How penguin droppings help form clouds that cool parts of Antarctica

Black-and-white penguins on an ice field

Antarctica is warming fast because of human-caused climate change. But penguins may be doing some unexpected cooling: a new University of Helsinki study shows ammonia from penguin droppings helps create extra cloud cover along the Antarctic coast, blocking sunlight and lowering temperatures, Science Alert reported.

Lead author Matthew Boyer says lab work had suggested gaseous ammonia could help form clouds, but “it has been challenging to quantitatively assess this process and observe its impact in Antarctica until now.” Antarctica makes an ideal natural laboratory: with almost no human pollution and little vegetation—so few other sources of cloud-forming gases—penguin colonies become the dominant source of ammonia.
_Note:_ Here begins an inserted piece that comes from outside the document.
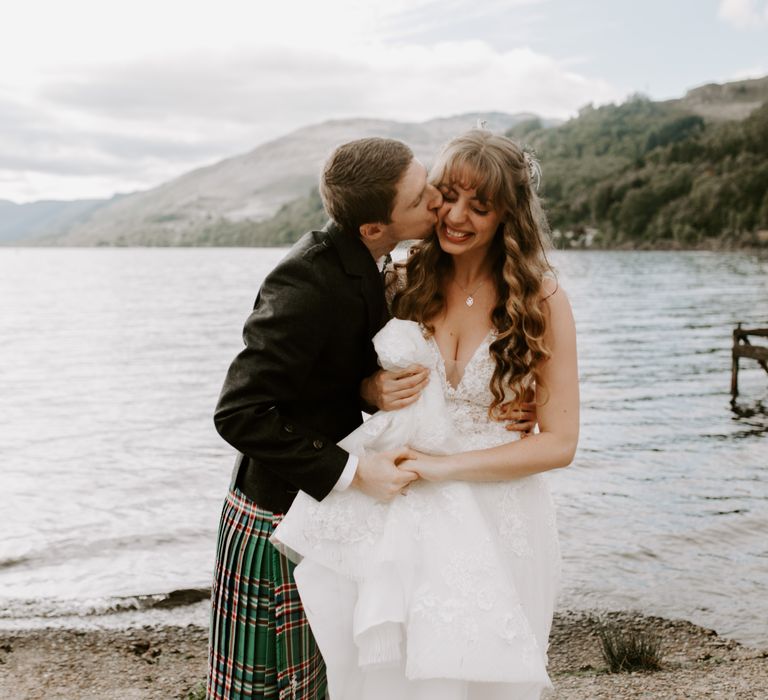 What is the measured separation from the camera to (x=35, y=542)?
11031mm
The future of these birds, however, is under threat. Shrinking sea ice disrupts their nesting, feeding, and protection from predators. Still, penguins play a significant ecological role. Like other seabirds such as imperial cormorants, they release large amounts of ammonia in their waste. When that ammonia mixes with sulfur-containing gases from phytoplankton, tiny aerosol particles form, and those particles can grow into clouds.
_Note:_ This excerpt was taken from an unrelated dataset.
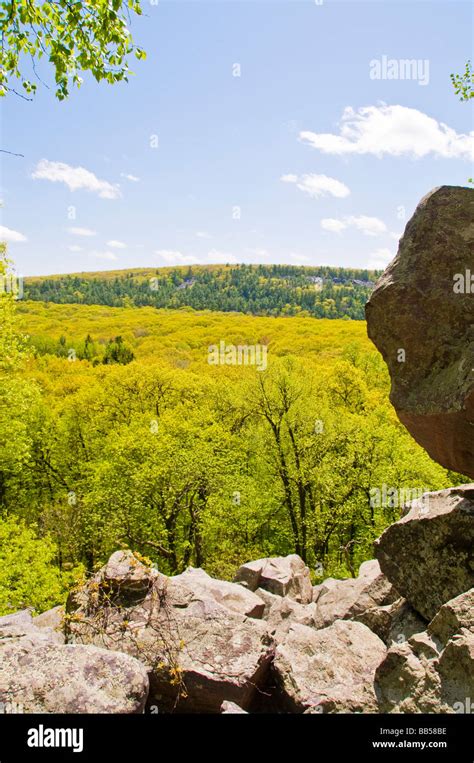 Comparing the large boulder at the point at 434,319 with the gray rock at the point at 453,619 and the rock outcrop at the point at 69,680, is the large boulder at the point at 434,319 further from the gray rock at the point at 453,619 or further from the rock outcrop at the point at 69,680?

Boyer’s team set up instruments at the Argentine Marambio base on Seymour Island, near the northern tip of the Antarctic Peninsula. Over three summer months—when Adélie penguin colonies were bustling and phytoplankton photosynthesis peaked—scientists tracked wind direction, ammonia levels, and newly formed aerosols. When the wind blew from a colony of 60,000 Adélie penguins eight kilometers from the base, atmospheric ammonia spiked to about 13.5 parts per billion—roughly a thousand times higher than background levels. Even a month after the birds left on their annual migration, atmospheric ammonia concentrations remained about a hundred times higher. The ground, saturated with droppings, looked like land treated with slow-release fertilizer.
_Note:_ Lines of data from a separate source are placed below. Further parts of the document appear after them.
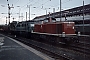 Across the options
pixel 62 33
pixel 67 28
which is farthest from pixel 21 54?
pixel 67 28

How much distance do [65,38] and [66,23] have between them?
8.57ft

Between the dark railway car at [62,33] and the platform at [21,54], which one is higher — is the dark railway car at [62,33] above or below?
above

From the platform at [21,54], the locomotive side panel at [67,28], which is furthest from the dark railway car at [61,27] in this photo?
the platform at [21,54]

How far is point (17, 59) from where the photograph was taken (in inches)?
437

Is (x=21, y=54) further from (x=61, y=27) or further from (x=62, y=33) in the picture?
(x=61, y=27)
The instruments showed aerosol particles arriving into the atmosphere every time air masses moved in from the colony, sometimes so dense that fog formed. Chemical signatures in the particles pointed to ammonia originating from the penguins.

Boyer called the link between penguins and phytoplankton a “synergistic process” that helps build protective clouds over parts of Antarctica. “We have evidence that a decline in penguin populations could lead to warming in the summer atmosphere of Antarctica,” the researchers wrote. Globally, clouds tend to cool the planet by reflecting solar radiation back into space, but the effect depends on what lies beneath them. Over bright ice sheets and glaciers, extra cloud cover can also trap infrared heat, so the net impact varies with where clouds form and where they drift.

“This is another example of how deeply ecosystems and atmospheric processes are connected—and why biodiversity and conservation matter,” Boyer emphasized. The study appears in the journal Communications Earth & Environment.